Segment Start: Material provided

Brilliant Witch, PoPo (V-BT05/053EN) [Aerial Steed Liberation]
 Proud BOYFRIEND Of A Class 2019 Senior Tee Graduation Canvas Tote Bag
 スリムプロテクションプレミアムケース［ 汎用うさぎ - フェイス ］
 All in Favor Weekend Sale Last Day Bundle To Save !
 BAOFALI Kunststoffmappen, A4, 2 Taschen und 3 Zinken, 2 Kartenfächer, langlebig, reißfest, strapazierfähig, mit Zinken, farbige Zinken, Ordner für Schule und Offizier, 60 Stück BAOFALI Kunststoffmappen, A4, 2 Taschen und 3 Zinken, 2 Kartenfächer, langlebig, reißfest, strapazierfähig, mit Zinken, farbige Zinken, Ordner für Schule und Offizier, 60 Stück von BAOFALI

Segment End: Material provided

Task details >> Once you have read the records above, output each of them verbatim.

Response to this task >>
Brilliant Witch, PoPo (V-BT05/053EN) [Aerial Steed Liberation]
 Proud BOYFRIEND Of A Class 2019 Senior Tee Graduation Canvas Tote Bag
 スリムプロテクションプレミアムケース［ 汎用うさぎ - フェイス ］
 All in Favor Weekend Sale Last Day Bundle To Save !
 BAOFALI Kunststoffmappen, A4, 2 Taschen und 3 Zinken, 2 Kartenfächer, langlebig, reißfest, strapazierfähig, mit Zinken, farbige Zinken, Ordner für Schule und Offizier, 60 Stück BAOFALI Kunststoffmappen, A4, 2 Taschen und 3 Zinken, 2 Kartenfächer, langlebig, reißfest, strapazierfähig, mit Zinken, farbige Zinken, Ordner für Schule und Offizier, 60 Stück von BAOFALI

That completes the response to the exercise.